Cameron the Partisan

| January 6, 2009 | 0 Comments

In the UK, David Cameron set of an alternative to the consensus view of increased public investment and spending, in response to deepening downturn in the economy.

Is he,

  1. enlightened?
  2. economically inept?
  3. partisan?

Let’s look at his proposals:
• Remove tax on savings up to the basic rate of 20%.
• Increase tax free allowances on savings for the retired.

Cameron the Enlightened

The problem that Cameron is trying to solve is that of the low returns to savers. It is generally recognized that giving people their own money back is a more effective way of growing the economy than large scale public investment so his proposal is encouraging in this respect.

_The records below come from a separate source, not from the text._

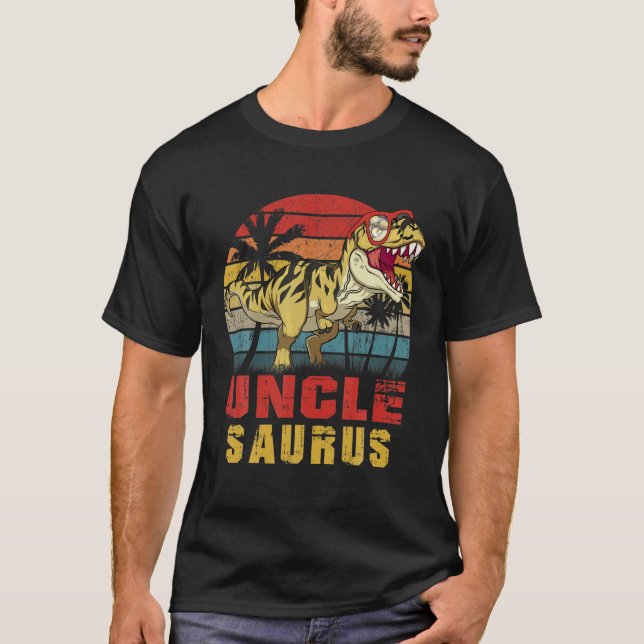 Camiseta Mens Uncle Saurus Dinosaur Funny Unclesaurus T Rex (Frente)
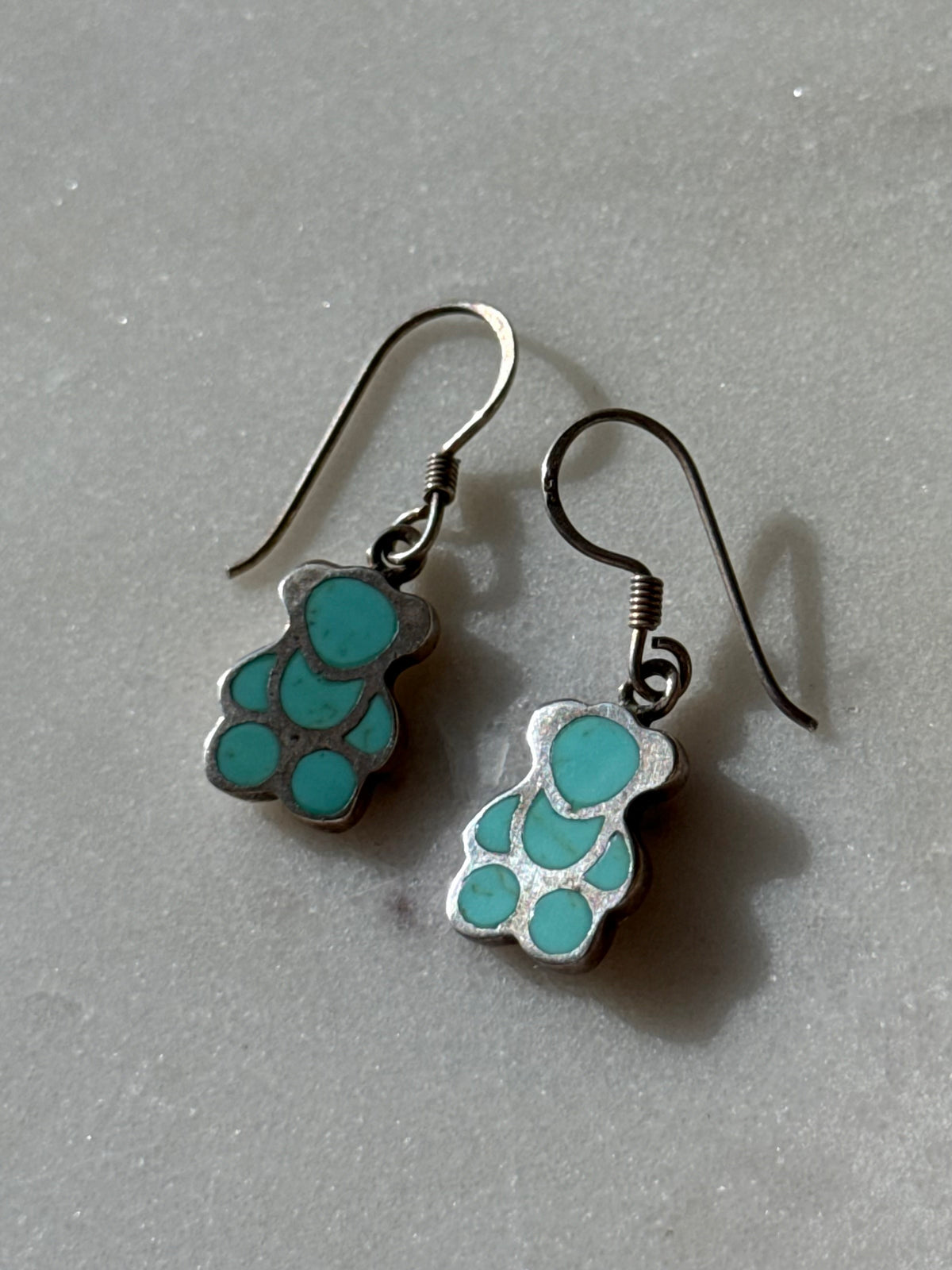 Vintage Turquoise Inlay Sterling Silver Teddy Bear Earrings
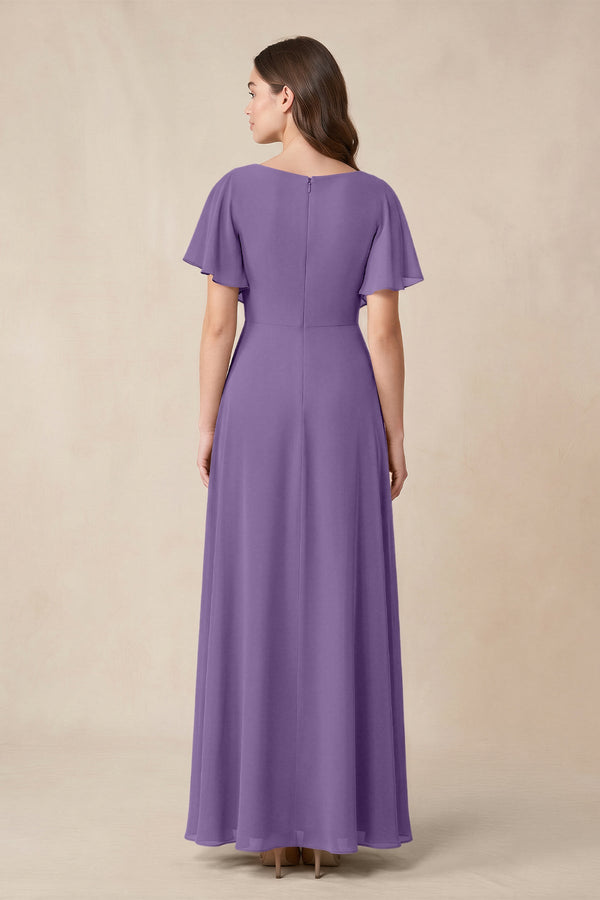 Short Sleeves Bateau A - Line Chiffon Bridesmaid Dress in Tahiti - KissProm Bridesmaid Dresses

Also Cameron’s proposal is cheap at this time because interests rate are so low. If you are getting a 2% return on your money, then the tax saving under Cameron’s plan is 0.4%. With the average saver having £10,000, that amounts to £40 a year or about £0.80 per week for the saver.

Cameron the Inept

This compares to the 2% reduction in Valued Added Tax ( a natonal sales tax). If the average person spends £75 a week on vatable items that this reduction will result in a £1.50 per week saving. So Brown’s proposal is on average about twice as effective as Cameron’s.

However, look at who is affected by the changes: the VAT savings proportionally help lower income families more while savings tax changes would benefit middle income more.

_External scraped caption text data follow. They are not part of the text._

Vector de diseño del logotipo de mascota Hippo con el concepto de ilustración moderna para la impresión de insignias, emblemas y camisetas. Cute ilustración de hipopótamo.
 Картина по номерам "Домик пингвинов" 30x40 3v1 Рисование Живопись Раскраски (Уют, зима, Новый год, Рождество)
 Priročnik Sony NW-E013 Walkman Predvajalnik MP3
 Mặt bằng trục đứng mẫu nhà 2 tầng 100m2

Cameron heavily criticised the VAT reductions but his proposals are even more ineffective.

Cameron the Partisan

The increase in tax allowances is really a give away to his supporters. It is targeted at the retired, middle income who are indeed suffering a fall in income as the returns.

The tax system already allows £7000 in tax free ISAs and through Post Office accounts, so the most substantial beneficiaries of his the proposed tax allowance increase would have savings of over £10,000.

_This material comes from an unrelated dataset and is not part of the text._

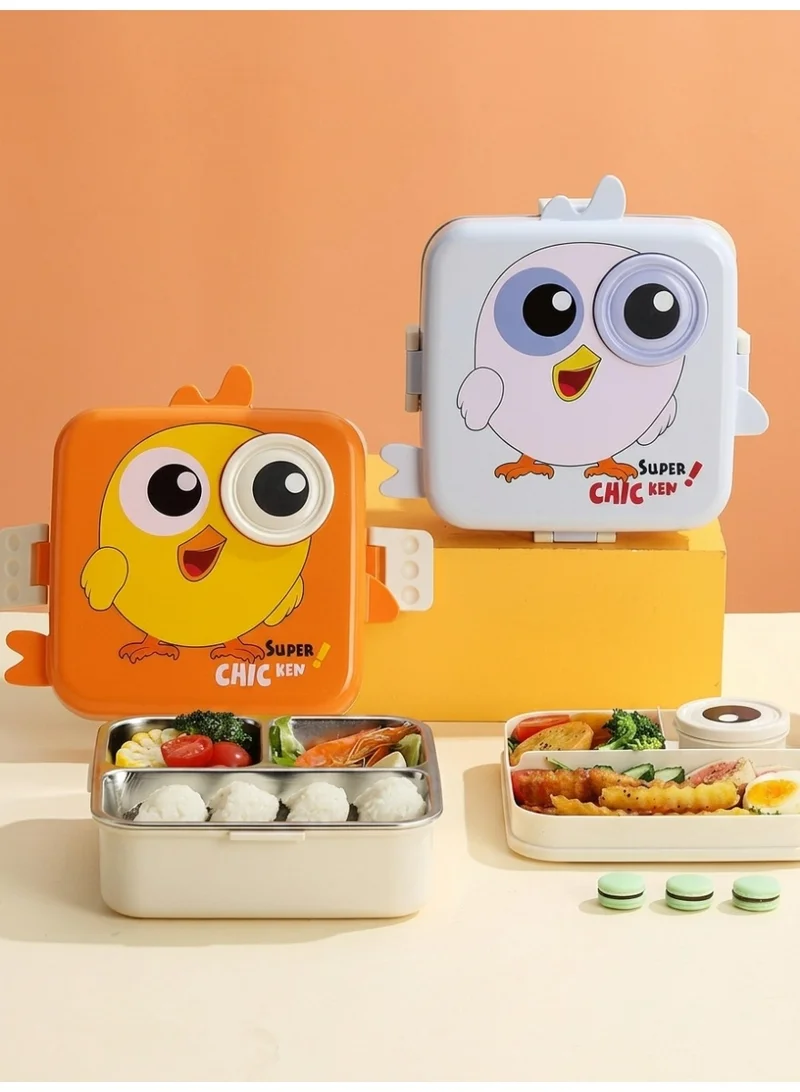 Mobcos Super Birdy Lunch Box Snow Blue Carnival Super Birdy Lunch Box 3 Layer Stainless Steel Lunch Box Comes with 1 Detachable Tray, 1 Small Container & 1 Spoon Ideal for Kids BPA Free 1120ml+70ml- Snow Blue  | Best Price UAE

However, now consider the scenario where interest rates resume normal levels of 6% as they must do in the next couple of years. The cost of the tax giveaway will be six fold what it is now and with the benefits going into the pockets of his supporters.


Savers will reap the just rewards of their savings but only once when we come out of recession.

Cameron does need to come up with alternative policies to the Labour Government but he needs to demonstrate he has some understanding of the economy and what is good for the country as a whole.

For example, he should agree with the current level of public investment but come up with a different set of priorities on that spending and propose putting in place a set of measures and controls to ensure the public is getting the best possible value for money for these initiatives. This would be a credible approach.